Open Waters Festival
Friday, January 5-Wednesday, January 10
various venues
$15-$25 (festival pass $60)
tickethalifax.com

The tagline for this year's Open Waters, the annual music improvisation festival, is "never the same river twice." "That's Heraclitus," says artistic director Lukas Pearse of the paraphrase. "My favourite pre-Socratic philosopher."

Such is the nature of improvised music—it is made in the moment, of the moment, not to be heard again.
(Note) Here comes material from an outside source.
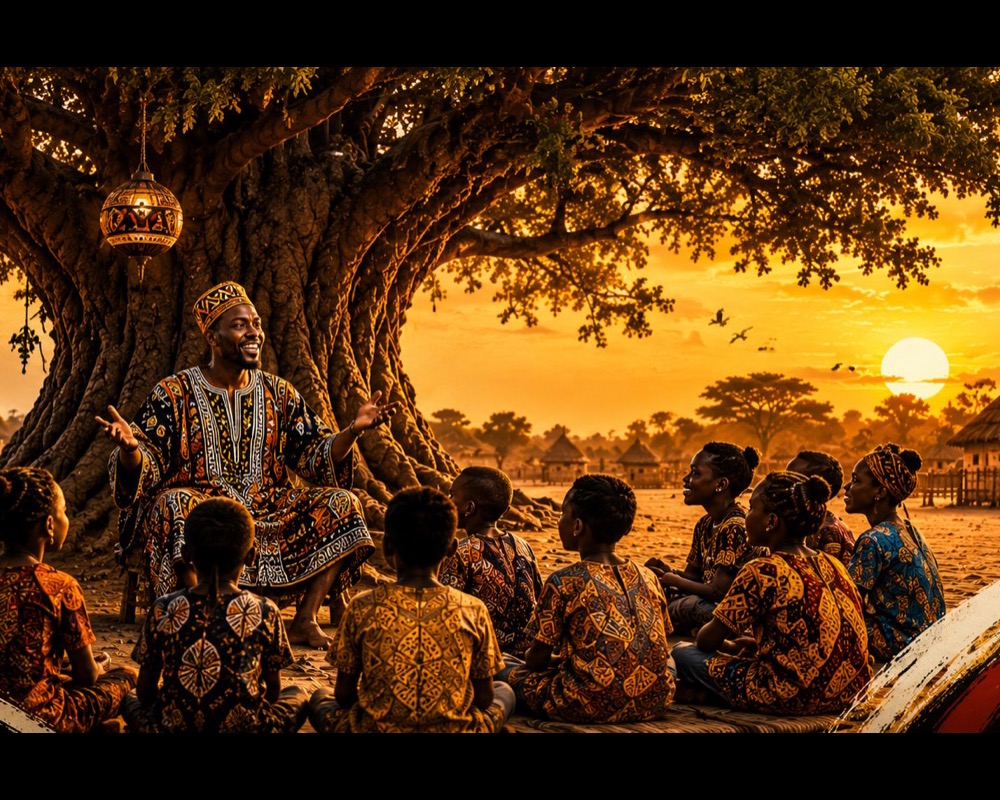 Un conteur et son auditoire d'enfants au coucher du soleil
It's not easy, and there's no single way to play it. "The essential thing is to try to make sure there are different approaches and different traditions of improvisations represented," says Pearse of the program, which is presented by the Upstream Music Association. "I want to have artists who are both using improvisation in a conscious way, something that is part of their creative form, and who also are usually for the most part committed to it and developing with it."
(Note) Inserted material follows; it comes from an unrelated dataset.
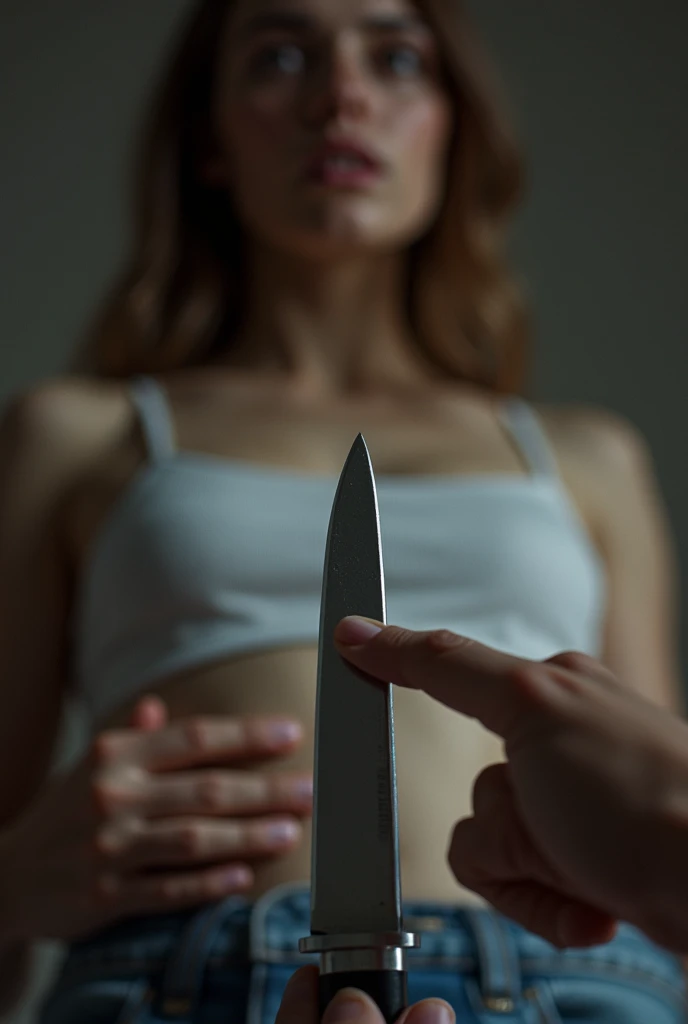 I stick a knife in a woman's navel,(first person) (on voit ma main enfoncer le couteau ,)(Only the handle of the knife remains, sticking out from the navel, the rest is deeply embedded) it was the navel my target.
Open Waters features six days of 20 events across five venues, a mix of established and emerging, local and visiting. "I also do try to make sure there are some artists not from our area to provide global context," says Pearse.

Out-of-town guests include Jason Sharp and Adam Basanta from Montreal, who headline the Marquee on January 5. "Jason plays bass saxophone and modular synths and in this project they're using heart-rate monitors and EKGs to control the synthesizers while also playing the saxophone," says Pearse. "It's literally visceral music." Vancouver clarinetist François Houle hits the Dunn on Saturday, and there on Sunday will be Janice Jackson's collaboration with Etienne Rolin, from France, and Singapore's Dirk Stromberg.

Local representation comes from Pearse's project with Alan Syliboy, The Thundermakers (Saturday at the Dunn), soprano Maureen Batt at Dal's MacAloney Room on Saturday afternoon, To Dream of Silence (a co-presentation of Upstream Music and Sanctuary Concerts) at the Halifax Music Co-op on Tuesday and New Hermitage on Friday night at the Dunn. "I really want to celebrate younger artists taking the risks," says Pearse of the latter quartet, "and making good on their promising starts in the [Halifax Jazz Festival's] Creative Music Workshops."

Because of improvised music's range of included genres—jazz, electronic, folk, chamber, experimental—it's an art form that's diverse, open-minded and wide-reaching. "Improvised, exploratory music is something that happens all over the world," notes Pearse. "It's not just us over here being weird cause we're weird."